Site icon Early Retirement Now

The 4% Rule is not as good as we hoped – Part 3: The small-sample problem in historical simulations

The rule to withdraw 4% of assets during retirement is considered “safe” because the Trinity Study has declared it so. The term “Trinity Study” has become something of a dogma, almost scripture, for the early retirement community. The 25 times annual consumption rule and the equivalent 4% withdrawal rate rule of thumb are referenced pretty much everywhere in the community. One almost gets the impression that what the Holy Trinity is to Christianity (you know; The Father, The Son and the Holy Spirit), the Trinity Study is to the Early Retirement community.

To be sure, many already retired folks probably have lower withdrawal rates than 4%, especially the now very successful bloggers with extra income on the side, but a lot of aspiring retirement planners in the process of saving for retirement might cut it a little tight if they retire the minute their net worth passed 25 times consumption. We have passed that 25 times consumption threshold a while ago but we still keep saving. We like to get somewhere closer to 35 to 40 times annual consumption.

Part 3 of our series deals with another fallacy of the safe withdrawal rate: the illusion of 100% or close to 100% certainty of backward looking simulations. Parts 1 and 2 already dealt with potentially lower expected returns going forward (equities and bonds). Here we want to raise another major issue with the Trinity Study or any other backward-looking simulations, like cFIREsim:

The small sample size

How can there be a small sample size problem when we have so many different retirement cohorts? Say, we use the cFIREsim site with 50 year retirement cohorts from 1871 through 1966, i.e., the last year that would generate 50 calendar years of returns from 1966 to 2015. That’s 96 cohorts, how can that be a small sample?

96 cohorts would indeed be a large enough number to draw statistically significant and relevant conclusions if those 96 cohorts were independent of each other. Too bad, those 96 cohorts are not independent observations. The cohorts starting in 1964 and 1965 have a very similar payoff profile because 49 of the the 50 simulation periods overlap. Strictly speaking, there are just under 3 truly independent samples of 50 year return streams: 1871-1920, 1921-1970, and we are charitable with the last one, 1966-2015, by ignoring the little bit of overlap in the first 5 years. So, if someone tells us their strategy has worked 96 out of 96 times, we would be impressed. But if someone tells us their strategy works 3 out of 3 times, we would be suspicious about that 100% certainty claim.

Same goes for the 95-100% success probabilities they cooked up in the Trinity study.
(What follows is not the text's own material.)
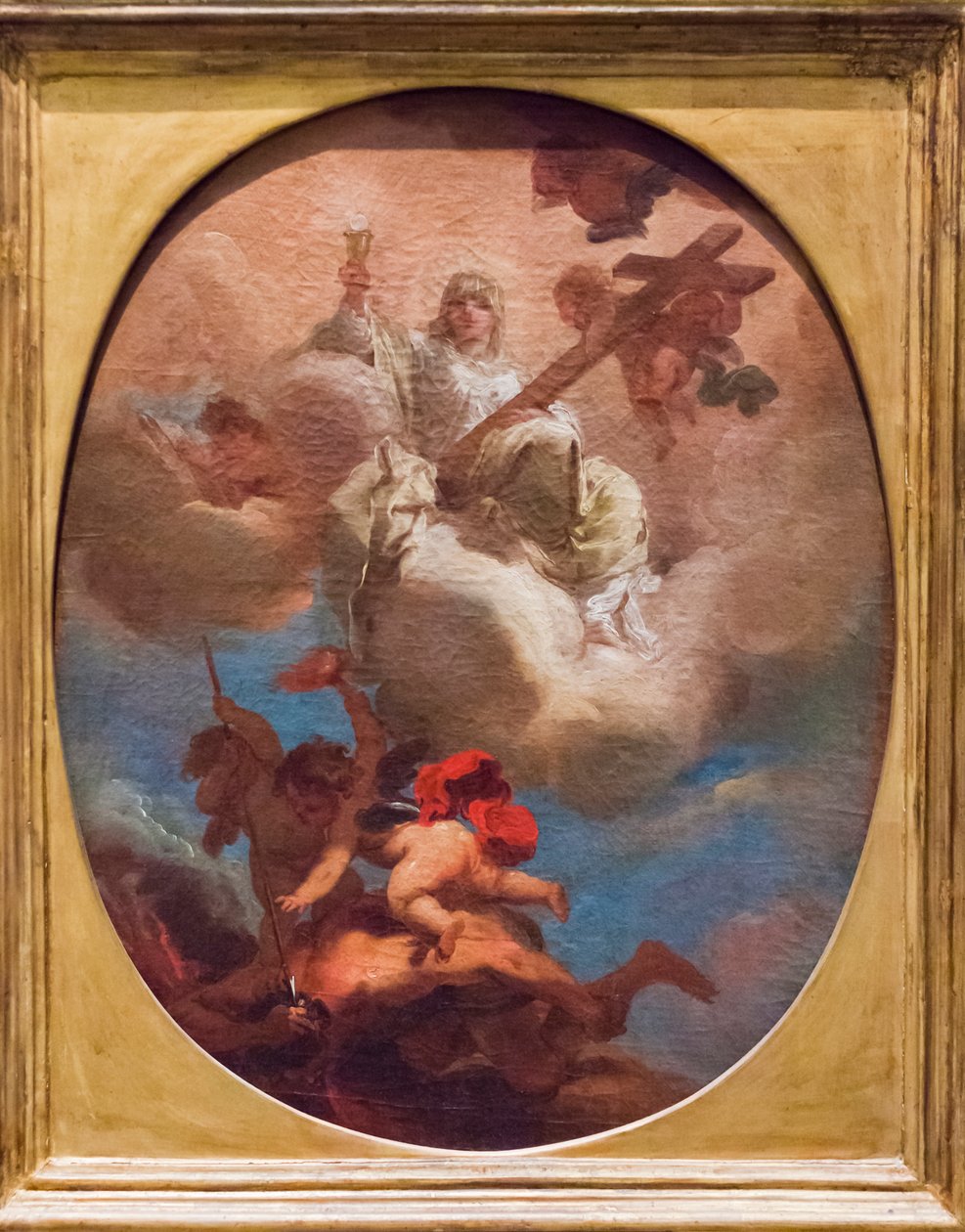 Triumf religii (olej na desce) autorstwa Gaetano Gandolfi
Because we look at shorter retirement horizons (only 30 years) but at the same time work with fewer years (1926 onward), we get the same number of three independent windows; 1926-1955, 1956-1985 and then whatever the final window of simulations might be, probably 1985-2014 or 1986-2015, potentially with a little bit of overlap.

A 100% success rate out of 3 observations does not induce a lot of confidence!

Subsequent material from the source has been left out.